What the exercise asks
All records that follow are to be restated exactly.

Source data

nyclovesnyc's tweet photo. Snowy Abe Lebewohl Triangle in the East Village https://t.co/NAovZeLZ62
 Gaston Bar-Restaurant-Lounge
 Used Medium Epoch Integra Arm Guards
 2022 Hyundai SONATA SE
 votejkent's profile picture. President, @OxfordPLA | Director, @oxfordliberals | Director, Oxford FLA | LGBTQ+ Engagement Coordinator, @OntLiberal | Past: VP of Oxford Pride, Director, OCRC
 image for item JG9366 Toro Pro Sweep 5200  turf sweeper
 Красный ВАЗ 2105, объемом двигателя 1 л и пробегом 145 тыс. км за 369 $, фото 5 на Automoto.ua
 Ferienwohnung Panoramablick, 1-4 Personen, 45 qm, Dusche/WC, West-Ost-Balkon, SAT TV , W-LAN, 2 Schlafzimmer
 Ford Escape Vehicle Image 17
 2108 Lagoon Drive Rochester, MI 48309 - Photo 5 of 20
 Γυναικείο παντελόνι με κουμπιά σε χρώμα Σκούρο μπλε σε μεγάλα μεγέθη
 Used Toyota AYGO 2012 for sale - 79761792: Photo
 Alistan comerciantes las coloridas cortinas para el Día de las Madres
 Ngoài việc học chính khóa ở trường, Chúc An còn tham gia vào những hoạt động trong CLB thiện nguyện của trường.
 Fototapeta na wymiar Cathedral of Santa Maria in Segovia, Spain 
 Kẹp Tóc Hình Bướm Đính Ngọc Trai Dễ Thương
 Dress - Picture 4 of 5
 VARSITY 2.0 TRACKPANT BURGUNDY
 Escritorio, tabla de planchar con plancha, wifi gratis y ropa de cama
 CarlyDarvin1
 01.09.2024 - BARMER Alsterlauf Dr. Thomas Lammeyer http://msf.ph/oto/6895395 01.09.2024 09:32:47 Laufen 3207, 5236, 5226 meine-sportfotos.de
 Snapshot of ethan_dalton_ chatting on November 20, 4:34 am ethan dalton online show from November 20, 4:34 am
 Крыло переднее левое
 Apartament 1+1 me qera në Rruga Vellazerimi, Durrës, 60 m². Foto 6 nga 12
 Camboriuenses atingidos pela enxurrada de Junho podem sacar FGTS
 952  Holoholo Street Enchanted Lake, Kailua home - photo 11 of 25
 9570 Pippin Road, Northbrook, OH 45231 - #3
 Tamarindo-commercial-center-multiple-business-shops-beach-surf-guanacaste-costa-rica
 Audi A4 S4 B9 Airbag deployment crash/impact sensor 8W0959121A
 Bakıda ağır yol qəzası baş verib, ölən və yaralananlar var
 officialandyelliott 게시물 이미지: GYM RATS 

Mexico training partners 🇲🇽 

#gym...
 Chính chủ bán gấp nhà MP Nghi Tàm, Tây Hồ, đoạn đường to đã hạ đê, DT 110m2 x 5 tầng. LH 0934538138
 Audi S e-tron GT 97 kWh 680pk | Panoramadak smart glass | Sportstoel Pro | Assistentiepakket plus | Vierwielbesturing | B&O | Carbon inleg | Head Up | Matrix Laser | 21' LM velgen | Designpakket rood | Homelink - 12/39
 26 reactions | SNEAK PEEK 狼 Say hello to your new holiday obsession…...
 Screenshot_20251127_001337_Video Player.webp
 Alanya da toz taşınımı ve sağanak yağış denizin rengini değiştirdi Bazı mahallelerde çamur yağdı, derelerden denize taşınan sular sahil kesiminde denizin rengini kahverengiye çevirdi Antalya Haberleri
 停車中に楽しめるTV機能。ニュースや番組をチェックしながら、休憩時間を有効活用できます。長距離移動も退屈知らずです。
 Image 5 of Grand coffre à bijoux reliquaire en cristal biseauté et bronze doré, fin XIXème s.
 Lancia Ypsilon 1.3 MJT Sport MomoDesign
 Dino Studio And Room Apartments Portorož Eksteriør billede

Answer to this exercise
nyclovesnyc's tweet photo. Snowy Abe Lebewohl Triangle in the East Village https://t.co/NAovZeLZ62
 Gaston Bar-Restaurant-Lounge
 Used Medium Epoch Integra Arm Guards
 2022 Hyundai SONATA SE
 votejkent's profile picture. President, @OxfordPLA | Director, @oxfordliberals | Director, Oxford FLA | LGBTQ+ Engagement Coordinator, @OntLiberal | Past: VP of Oxford Pride, Director, OCRC
 image for item JG9366 Toro Pro Sweep 5200  turf sweeper
 Красный ВАЗ 2105, объемом двигателя 1 л и пробегом 145 тыс. км за 369 $, фото 5 на Automoto.ua
 Ferienwohnung Panoramablick, 1-4 Personen, 45 qm, Dusche/WC, West-Ost-Balkon, SAT TV , W-LAN, 2 Schlafzimmer
 Ford Escape Vehicle Image 17
 2108 Lagoon Drive Rochester, MI 48309 - Photo 5 of 20
 Γυναικείο παντελόνι με κουμπιά σε χρώμα Σκούρο μπλε σε μεγάλα μεγέθη
 Used Toyota AYGO 2012 for sale - 79761792: Photo
 Alistan comerciantes las coloridas cortinas para el Día de las Madres
 Ngoài việc học chính khóa ở trường, Chúc An còn tham gia vào những hoạt động trong CLB thiện nguyện của trường.
 Fototapeta na wymiar Cathedral of Santa Maria in Segovia, Spain 
 Kẹp Tóc Hình Bướm Đính Ngọc Trai Dễ Thương
 Dress - Picture 4 of 5
 VARSITY 2.0 TRACKPANT BURGUNDY
 Escritorio, tabla de planchar con plancha, wifi gratis y ropa de cama
 CarlyDarvin1
 01.09.2024 - BARMER Alsterlauf Dr. Thomas Lammeyer http://msf.ph/oto/6895395 01.09.2024 09:32:47 Laufen 3207, 5236, 5226 meine-sportfotos.de
 Snapshot of ethan_dalton_ chatting on November 20, 4:34 am ethan dalton online show from November 20, 4:34 am
 Крыло переднее левое
 Apartament 1+1 me qera në Rruga Vellazerimi, Durrës, 60 m². Foto 6 nga 12
 Camboriuenses atingidos pela enxurrada de Junho podem sacar FGTS
 952  Holoholo Street Enchanted Lake, Kailua home - photo 11 of 25
 9570 Pippin Road, Northbrook, OH 45231 - #3
 Tamarindo-commercial-center-multiple-business-shops-beach-surf-guanacaste-costa-rica
 Audi A4 S4 B9 Airbag deployment crash/impact sensor 8W0959121A
 Bakıda ağır yol qəzası baş verib, ölən və yaralananlar var
 officialandyelliott 게시물 이미지: GYM RATS 

Mexico training partners 🇲🇽 

#gym...
 Chính chủ bán gấp nhà MP Nghi Tàm, Tây Hồ, đoạn đường to đã hạ đê, DT 110m2 x 5 tầng. LH 0934538138
 Audi S e-tron GT 97 kWh 680pk | Panoramadak smart glass | Sportstoel Pro | Assistentiepakket plus | Vierwielbesturing | B&O | Carbon inleg | Head Up | Matrix Laser | 21' LM velgen | Designpakket rood | Homelink - 12/39
 26 reactions | SNEAK PEEK 狼 Say hello to your new holiday obsession…...
 Screenshot_20251127_001337_Video Player.webp
 Alanya da toz taşınımı ve sağanak yağış denizin rengini değiştirdi Bazı mahallelerde çamur yağdı, derelerden denize taşınan sular sahil kesiminde denizin rengini kahverengiye çevirdi Antalya Haberleri
 停車中に楽しめるTV機能。ニュースや番組をチェックしながら、休憩時間を有効活用できます。長距離移動も退屈知らずです。
 Image 5 of Grand coffre à bijoux reliquaire en cristal biseauté et bronze doré, fin XIXème s.
 Lancia Ypsilon 1.3 MJT Sport MomoDesign
 Dino Studio And Room Apartments Portorož Eksteriør billede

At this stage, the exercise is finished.